ルドヴィート・カンタ チェロ・リサイタル ボーリングのチェロとジャズ・ピアノ・トリオのための組曲を中心にリラックスして楽しめました
オーケストラ・アンサンブル金沢(OEK)の首席チェロ奏者,ルドヴィート・カンタさんのリサイタルが石川県立音楽堂コンサートホールで行われたので聞いてきました。カンタさんのリサイタルも今回で19回目となりますが,プログラムに趣向が凝らされており,同じ曲というのがほとんど出てきていないのがすごいところです。
今回もまた,「新曲」が入っていました。後半に演奏された,ボーリングという現代の作曲家による,チェロとジャズ・ピアノ・トリオのための組曲という1984年の作品です。曲は,タイトル通りの作品で,チェロとピアノが擬似バロック音楽的な親しみやすい音楽を演奏しているうちに,コントラバスとドラムスが加わり,心地よいジャズの雰囲気になっていくといったとても面白い作品でした。
かつて人気のあった,ジャック・ルーシェトリオによる,「プレイ・バッハ」のような気分があり,とても新鮮でした。バロック音楽の組曲のように6曲からなっていたのですが,1曲ずつが結構長かったので,50分ぐらい演奏時間があったと思います。各曲の雰囲気に変化があり,大変リラックスして楽しむことができました。
カンタさんといえば,OEKに入る直前頃,NAXOSレーベルにジャズ風のカデンツァの入るハイドンとボッケリーニのチェロ協奏曲のCD録音を行っています。その面目躍如たる演奏でした。ちなみにジャズ・ピアノ・トリオのメンバーは,Julian,Rita,Umechuとクレジットされていましたが...ユリアン・リイムさんのピアノ,OEKのコントラバス奏者のマルガリータ・カルチェヴァさん,端谷博人さんのドラムスでした。リイムさんの軽快なピアノを始め,爽快なジャズを聞かせてくれました。
前半に演奏された2曲も,楽しむことができました。ドビュッシーのチェロ・ソナタはちょっと捉えどころがないけれども,ユーモアが漂うような,演奏でした。

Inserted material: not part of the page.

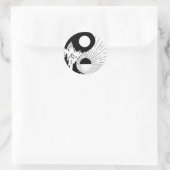 Zen Yin Yang Schwarz-weiß Runder Aufkleber (Tasche)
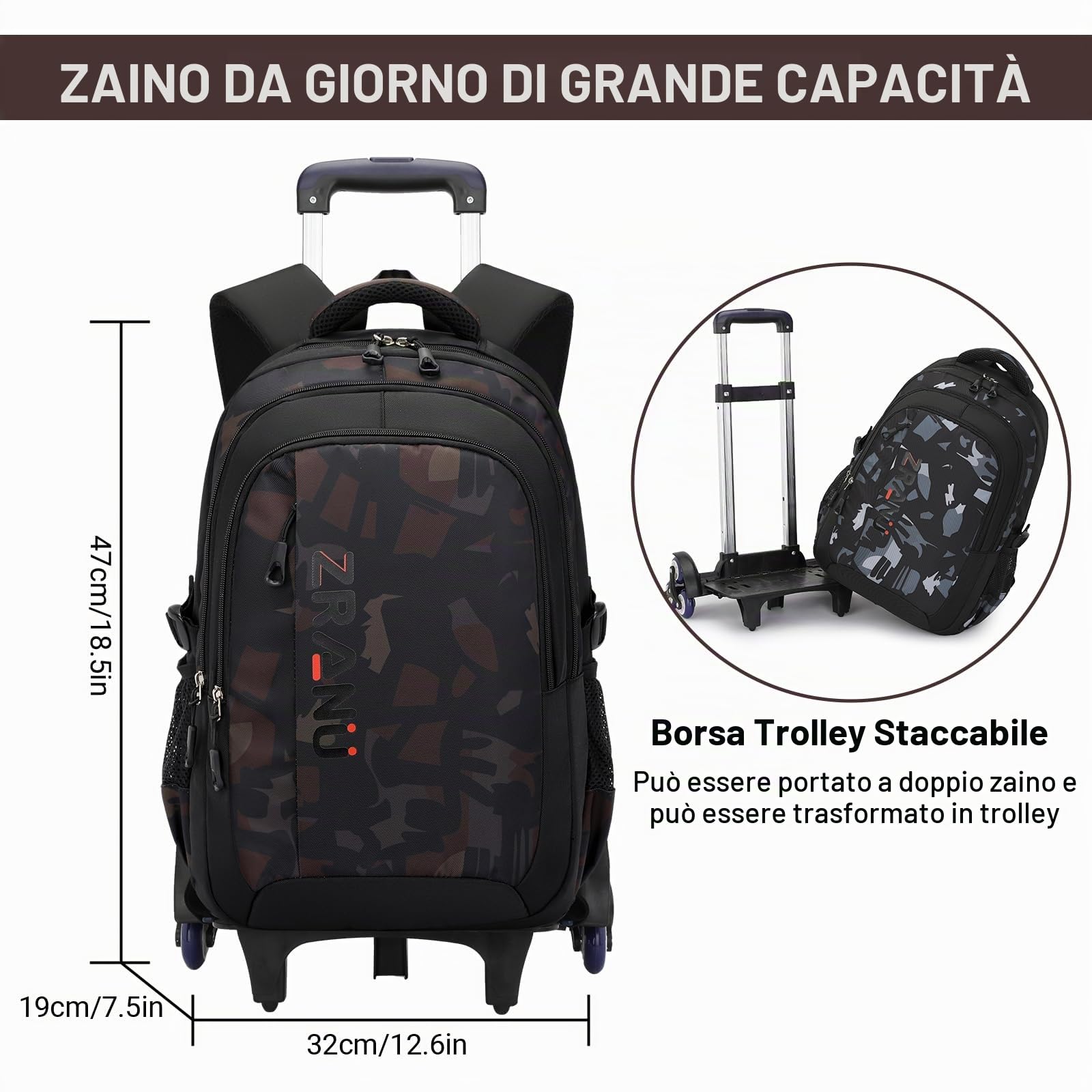 Amythe Zaino Trolley Scuola Elementare e Media Superiore, 16 Pollici Zaini con Ruote per Bambina Zainetto con Rotelle per Scuola Viaggi, 6 Ruote, Adatto per Ragazzo Adolescenti di 10-24 anni, Marrone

フランクのチェロ・ソナタは,オリジナルはヴァイオリン・ソナタです。名曲中の名曲で,チェロでも時々演奏される曲ですが,やはり音域が少し下がることで,ヴァイオリンの時とは一味違った,落ち着きが感じられました。ヴァイオリン版がスウィートだとすれば,チェロ版はビター・スウィートといったところでしょうか。いつもどおり,さりげないけれども滑らかに流れるカンタさんのチェロの歌を楽しむことができました。第2楽章や第4楽章での勢いのある自信に満ちた音楽も見事でした。リイムさんのピアノは重苦しい感じはなく,フランス風味が感じられました。
それにしても,カンタさんのリサイタルの選曲は素晴らしいですね。次回は60歳記念の演奏会になるということで,どういう内容になるのか今から大変楽しみです。